[<prev] [next>] [<thread-prev] [thread-next>] [day] [month] [year] [list]
Message-ID: <c152e0f5f431739eb2aa5fb78ef6e17521f3826b.camel@redhat.com>
Date: Wed, 16 Apr 2025 15:05:12 +0200
From: Gabriele Monaco <gmonaco@...hat.com>
To: Nam Cao <namcao@...utronix.de>
Cc: Steven Rostedt <rostedt@...dmis.org>,
linux-trace-kernel@...r.kernel.org, linux-kernel@...r.kernel.org,
john.ogness@...utronix.de
Subject: Re: [PATCH v3 13/22] rv: Add support for LTL monitors
On Wed, 2025-04-16 at 13:56 +0200, Nam Cao wrote:
> On Wed, Apr 16, 2025 at 11:34:53AM +0200, Gabriele Monaco wrote:
> > On Wed, 2025-04-16 at 08:51 +0200, Nam Cao wrote:
> > > #endif /* CONFIG_DA_MON_EVENTS_ID */
> > > +#if CONFIG_LTL_MON_EVENTS_ID
> > > +TRACE_EVENT(event_ltl_monitor_id,
> > > +
> > > + TP_PROTO(struct task_struct *task, char *states, char
> > > *atoms, char *next),
> > > +
> > > + TP_ARGS(task, states, atoms, next),
> > > +
> > > + TP_STRUCT__entry(
> > > + __string(comm, task->comm)
> > > + __field(pid_t, pid)
> > > + __string(states, states)
> > > + __string(atoms, atoms)
> > > + __string(next, next)
> > > + ),
> > > +
> > > + TP_fast_assign(
> > > + __assign_str(comm);
> > > + __entry->pid = task->pid;
> > > + __assign_str(states);
> > > + __assign_str(atoms);
> > > + __assign_str(next);
> > > + ),
> > > +
> > > + TP_printk("%s[%d]: (%s) x (%s) -> (%s)",
> > > __get_str(comm),
> > > __entry->pid, __get_str(states),
> > > + __get_str(atoms), __get_str(next))
> > > +);
> > > +
> > > +TRACE_EVENT(error_ltl_monitor_id,
> > > +
> > > + TP_PROTO(struct task_struct *task),
> > > +
> > > + TP_ARGS(task),
> > > +
> > > + TP_STRUCT__entry(
> > > + __string(comm, task->comm)
> > > + __field(pid_t, pid)
> > > + ),
> > > +
> > > + TP_fast_assign(
> > > + __assign_str(comm);
> > > + __entry->pid = task->pid;
> > > + ),
> > > +
> > > + TP_printk("%s[%d]: violation detected", __get_str(comm),
> >
> > In your workflow you're probably using events and errors together,
> > but
> > wouldn't it help printing the atoms together with the violation
> > detected?
> > At least to give a clue on the error in case the user doesn't want
> > to
> > see the entire trace (which might be needed for a full debug
> > though).
> >
> > The same could be said from reactors, the user doesn't have much
> > information to infer what went wrong.
>
> Actually my intention for the "event" tracepoints are only for
> debugging
> the monitor itself.

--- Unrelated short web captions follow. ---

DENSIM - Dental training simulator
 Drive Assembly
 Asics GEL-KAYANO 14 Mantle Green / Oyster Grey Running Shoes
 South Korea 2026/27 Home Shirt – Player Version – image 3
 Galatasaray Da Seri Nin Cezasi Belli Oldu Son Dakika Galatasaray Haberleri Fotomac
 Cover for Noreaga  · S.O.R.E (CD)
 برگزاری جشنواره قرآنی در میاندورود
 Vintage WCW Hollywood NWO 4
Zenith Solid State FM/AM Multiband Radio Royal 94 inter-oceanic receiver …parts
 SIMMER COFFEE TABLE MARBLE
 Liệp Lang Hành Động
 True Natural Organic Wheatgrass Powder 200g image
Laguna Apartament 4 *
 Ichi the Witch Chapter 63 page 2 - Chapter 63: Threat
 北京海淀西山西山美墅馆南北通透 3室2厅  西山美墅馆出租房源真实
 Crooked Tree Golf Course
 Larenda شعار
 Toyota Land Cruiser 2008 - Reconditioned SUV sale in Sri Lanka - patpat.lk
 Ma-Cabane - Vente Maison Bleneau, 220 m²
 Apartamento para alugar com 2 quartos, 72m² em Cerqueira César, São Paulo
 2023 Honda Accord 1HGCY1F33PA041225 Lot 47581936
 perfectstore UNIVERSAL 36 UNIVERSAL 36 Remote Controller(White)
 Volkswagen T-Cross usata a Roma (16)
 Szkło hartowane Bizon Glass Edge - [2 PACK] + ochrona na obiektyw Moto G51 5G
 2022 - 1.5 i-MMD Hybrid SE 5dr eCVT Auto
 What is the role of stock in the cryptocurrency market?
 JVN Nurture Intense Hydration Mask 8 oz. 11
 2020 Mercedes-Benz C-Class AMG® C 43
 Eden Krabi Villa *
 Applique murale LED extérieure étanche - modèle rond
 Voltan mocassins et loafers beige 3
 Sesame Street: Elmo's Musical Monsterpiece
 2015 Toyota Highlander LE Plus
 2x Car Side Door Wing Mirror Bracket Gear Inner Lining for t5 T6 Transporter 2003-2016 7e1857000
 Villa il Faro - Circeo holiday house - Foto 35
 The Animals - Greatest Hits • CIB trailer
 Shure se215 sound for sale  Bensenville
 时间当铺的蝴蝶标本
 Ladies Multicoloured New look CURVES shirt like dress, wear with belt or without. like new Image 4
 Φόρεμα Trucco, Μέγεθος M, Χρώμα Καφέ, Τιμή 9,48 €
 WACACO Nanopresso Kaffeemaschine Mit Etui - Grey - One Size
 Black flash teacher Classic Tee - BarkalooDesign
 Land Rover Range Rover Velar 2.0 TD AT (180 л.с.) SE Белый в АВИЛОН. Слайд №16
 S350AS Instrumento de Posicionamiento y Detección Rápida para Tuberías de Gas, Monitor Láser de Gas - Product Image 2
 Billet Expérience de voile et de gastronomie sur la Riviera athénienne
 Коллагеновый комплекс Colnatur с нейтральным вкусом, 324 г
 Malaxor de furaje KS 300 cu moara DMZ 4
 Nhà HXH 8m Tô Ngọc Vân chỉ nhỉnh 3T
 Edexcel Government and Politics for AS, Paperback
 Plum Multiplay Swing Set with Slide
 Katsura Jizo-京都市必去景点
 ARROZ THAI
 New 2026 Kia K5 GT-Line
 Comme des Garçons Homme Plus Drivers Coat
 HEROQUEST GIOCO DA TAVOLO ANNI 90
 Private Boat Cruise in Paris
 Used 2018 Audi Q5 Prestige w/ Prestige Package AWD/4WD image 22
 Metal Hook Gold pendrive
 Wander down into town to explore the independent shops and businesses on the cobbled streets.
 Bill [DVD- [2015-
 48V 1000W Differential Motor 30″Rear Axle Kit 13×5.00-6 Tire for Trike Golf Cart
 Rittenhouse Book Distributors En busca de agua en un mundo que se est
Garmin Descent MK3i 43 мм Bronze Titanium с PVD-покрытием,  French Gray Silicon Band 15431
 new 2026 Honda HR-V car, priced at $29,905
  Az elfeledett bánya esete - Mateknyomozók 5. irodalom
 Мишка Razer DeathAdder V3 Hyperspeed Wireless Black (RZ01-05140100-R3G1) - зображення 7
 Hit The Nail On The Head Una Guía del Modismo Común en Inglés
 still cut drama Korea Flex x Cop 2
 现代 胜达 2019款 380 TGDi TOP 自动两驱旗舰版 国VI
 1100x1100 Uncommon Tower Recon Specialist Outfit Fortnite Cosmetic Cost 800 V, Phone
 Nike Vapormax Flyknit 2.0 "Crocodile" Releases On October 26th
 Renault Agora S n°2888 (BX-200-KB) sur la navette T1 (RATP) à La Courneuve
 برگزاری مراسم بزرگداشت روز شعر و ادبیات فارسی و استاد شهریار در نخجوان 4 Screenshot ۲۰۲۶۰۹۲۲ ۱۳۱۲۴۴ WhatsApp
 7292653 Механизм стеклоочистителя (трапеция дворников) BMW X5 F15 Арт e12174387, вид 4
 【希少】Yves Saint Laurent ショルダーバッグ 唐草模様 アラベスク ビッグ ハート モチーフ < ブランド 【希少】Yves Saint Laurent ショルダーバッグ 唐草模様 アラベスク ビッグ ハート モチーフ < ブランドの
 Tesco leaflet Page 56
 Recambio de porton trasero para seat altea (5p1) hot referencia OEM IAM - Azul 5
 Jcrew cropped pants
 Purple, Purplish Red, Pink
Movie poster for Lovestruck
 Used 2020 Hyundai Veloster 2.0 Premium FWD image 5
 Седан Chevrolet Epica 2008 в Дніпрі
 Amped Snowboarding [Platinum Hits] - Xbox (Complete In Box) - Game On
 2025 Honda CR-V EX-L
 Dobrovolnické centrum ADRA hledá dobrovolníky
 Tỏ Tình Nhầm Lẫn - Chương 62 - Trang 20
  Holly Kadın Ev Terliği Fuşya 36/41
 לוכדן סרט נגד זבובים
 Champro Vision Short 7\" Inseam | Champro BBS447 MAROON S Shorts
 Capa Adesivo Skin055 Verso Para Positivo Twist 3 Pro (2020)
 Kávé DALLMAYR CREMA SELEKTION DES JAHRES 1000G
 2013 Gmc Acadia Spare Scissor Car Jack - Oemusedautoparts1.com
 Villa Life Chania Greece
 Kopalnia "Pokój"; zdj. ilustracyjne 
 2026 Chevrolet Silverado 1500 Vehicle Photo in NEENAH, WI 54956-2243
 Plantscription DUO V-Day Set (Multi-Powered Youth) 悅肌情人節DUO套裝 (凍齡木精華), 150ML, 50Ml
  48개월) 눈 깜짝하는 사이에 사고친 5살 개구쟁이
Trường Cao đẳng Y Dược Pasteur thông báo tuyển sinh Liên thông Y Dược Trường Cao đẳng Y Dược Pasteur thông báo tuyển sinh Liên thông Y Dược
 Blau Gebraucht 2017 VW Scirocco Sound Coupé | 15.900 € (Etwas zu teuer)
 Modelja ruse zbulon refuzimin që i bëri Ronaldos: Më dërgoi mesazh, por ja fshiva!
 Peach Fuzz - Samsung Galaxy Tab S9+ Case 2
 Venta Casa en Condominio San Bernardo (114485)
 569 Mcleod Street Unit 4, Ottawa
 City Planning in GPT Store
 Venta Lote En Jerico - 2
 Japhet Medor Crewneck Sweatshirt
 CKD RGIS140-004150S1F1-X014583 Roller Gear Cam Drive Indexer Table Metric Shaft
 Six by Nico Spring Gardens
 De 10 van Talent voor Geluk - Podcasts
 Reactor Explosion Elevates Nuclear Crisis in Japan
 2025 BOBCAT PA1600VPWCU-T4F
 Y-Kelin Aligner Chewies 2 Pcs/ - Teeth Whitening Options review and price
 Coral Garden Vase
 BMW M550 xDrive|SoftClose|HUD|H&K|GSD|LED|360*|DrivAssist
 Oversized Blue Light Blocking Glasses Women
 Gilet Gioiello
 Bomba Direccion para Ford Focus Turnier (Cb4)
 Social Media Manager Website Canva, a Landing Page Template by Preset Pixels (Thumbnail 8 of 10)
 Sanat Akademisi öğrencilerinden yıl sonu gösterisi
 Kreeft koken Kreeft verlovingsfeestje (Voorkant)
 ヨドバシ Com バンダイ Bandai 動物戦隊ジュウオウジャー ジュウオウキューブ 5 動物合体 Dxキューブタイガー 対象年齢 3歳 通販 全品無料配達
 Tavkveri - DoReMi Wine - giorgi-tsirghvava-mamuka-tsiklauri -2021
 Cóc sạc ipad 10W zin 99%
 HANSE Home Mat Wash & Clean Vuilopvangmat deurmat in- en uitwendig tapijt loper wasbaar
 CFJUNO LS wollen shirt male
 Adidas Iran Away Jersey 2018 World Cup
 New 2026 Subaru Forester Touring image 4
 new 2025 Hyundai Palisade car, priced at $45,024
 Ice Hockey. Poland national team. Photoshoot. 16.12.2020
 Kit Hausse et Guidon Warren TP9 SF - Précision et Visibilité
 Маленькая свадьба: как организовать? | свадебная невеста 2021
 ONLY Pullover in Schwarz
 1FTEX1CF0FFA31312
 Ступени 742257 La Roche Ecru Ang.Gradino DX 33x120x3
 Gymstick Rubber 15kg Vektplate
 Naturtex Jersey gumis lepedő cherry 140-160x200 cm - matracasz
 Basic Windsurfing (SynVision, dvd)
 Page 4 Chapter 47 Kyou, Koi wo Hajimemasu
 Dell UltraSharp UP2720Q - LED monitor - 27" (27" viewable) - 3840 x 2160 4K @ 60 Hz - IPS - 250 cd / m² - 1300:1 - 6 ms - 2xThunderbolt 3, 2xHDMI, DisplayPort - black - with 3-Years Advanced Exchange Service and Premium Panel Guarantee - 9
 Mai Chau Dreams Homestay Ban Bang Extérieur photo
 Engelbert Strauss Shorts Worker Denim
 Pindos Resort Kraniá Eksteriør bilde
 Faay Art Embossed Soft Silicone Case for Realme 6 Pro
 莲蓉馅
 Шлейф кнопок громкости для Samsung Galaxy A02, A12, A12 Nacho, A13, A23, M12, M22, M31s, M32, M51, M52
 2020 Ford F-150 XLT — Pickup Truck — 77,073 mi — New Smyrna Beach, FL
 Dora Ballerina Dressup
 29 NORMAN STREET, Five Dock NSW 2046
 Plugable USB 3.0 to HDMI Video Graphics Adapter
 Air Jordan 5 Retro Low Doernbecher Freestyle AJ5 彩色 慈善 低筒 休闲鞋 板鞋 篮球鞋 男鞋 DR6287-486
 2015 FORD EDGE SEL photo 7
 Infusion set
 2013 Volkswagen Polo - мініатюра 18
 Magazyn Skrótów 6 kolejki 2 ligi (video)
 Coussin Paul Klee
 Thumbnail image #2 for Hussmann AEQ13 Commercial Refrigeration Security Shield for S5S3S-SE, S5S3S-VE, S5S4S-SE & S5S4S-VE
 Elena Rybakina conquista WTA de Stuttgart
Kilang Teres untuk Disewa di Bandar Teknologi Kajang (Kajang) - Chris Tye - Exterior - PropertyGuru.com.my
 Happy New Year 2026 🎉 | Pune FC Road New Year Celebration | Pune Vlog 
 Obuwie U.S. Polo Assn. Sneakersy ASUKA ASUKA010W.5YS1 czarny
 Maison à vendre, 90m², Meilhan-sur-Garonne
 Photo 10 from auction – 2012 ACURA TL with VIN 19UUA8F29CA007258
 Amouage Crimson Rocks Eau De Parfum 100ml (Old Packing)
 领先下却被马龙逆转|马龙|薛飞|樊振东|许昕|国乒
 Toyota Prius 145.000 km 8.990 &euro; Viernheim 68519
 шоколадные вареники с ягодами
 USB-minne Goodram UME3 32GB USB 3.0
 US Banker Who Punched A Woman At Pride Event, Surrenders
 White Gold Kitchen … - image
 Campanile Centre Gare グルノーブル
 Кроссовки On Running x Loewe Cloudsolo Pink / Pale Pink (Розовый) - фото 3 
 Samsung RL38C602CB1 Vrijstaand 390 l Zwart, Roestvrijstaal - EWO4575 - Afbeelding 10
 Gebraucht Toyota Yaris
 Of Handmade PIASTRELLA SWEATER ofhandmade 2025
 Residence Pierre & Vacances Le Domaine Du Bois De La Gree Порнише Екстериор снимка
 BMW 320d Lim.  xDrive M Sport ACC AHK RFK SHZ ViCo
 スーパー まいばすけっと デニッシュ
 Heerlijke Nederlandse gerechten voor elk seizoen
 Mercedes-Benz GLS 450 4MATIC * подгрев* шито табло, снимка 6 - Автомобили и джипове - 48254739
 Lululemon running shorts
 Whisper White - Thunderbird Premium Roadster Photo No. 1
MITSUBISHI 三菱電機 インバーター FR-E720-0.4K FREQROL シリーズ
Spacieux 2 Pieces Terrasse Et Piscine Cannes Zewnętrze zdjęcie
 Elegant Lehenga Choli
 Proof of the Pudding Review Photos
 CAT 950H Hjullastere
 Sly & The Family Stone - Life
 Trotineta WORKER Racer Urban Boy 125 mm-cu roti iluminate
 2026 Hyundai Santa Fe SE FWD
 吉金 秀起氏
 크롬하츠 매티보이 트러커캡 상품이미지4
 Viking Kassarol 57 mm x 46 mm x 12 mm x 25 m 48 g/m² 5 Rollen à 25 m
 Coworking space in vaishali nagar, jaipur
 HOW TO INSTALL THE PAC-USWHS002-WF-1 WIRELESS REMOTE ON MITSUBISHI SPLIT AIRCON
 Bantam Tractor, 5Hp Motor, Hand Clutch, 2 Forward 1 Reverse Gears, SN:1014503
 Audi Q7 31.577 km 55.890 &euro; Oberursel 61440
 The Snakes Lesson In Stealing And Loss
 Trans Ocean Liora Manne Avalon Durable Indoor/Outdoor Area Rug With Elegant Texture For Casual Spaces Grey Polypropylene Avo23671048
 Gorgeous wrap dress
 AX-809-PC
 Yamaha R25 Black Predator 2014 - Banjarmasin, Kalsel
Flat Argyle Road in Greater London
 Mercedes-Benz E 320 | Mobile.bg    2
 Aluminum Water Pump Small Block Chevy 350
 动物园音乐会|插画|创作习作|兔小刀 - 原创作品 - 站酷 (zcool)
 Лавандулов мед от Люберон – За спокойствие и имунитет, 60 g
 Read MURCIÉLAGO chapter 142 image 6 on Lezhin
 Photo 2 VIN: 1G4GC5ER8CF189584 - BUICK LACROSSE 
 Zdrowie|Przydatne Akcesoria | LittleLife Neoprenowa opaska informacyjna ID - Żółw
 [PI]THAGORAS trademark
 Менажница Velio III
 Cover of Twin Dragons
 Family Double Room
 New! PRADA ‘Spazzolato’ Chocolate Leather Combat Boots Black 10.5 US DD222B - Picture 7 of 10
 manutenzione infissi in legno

I don't want to bother users with the Büchi
> automaton,
> because that's implementation details.
>
> The "error" tracepoints should be enough for identifying problems
> with
> realtime applications. Because errors from the monitors are
> unambiguous:
>
> - pagefault monitor: error means an RT task is raising pagefault
> - sleep monitor: error means an RT task is delayed unboundedly
>
> That and a stacktrace (e.g. from perf) is enough to understand the
> problem.
> That was all I need to identifying problems with pipewire using the
> monitors.
>
> In the future, we can have other monitors whose warnings are
> ambiguous, and
> a more detailed error message will be necessary. But for now, I think
> we
> can keep it simple.
>
Mmh alright, makes sense, you can ignore it then.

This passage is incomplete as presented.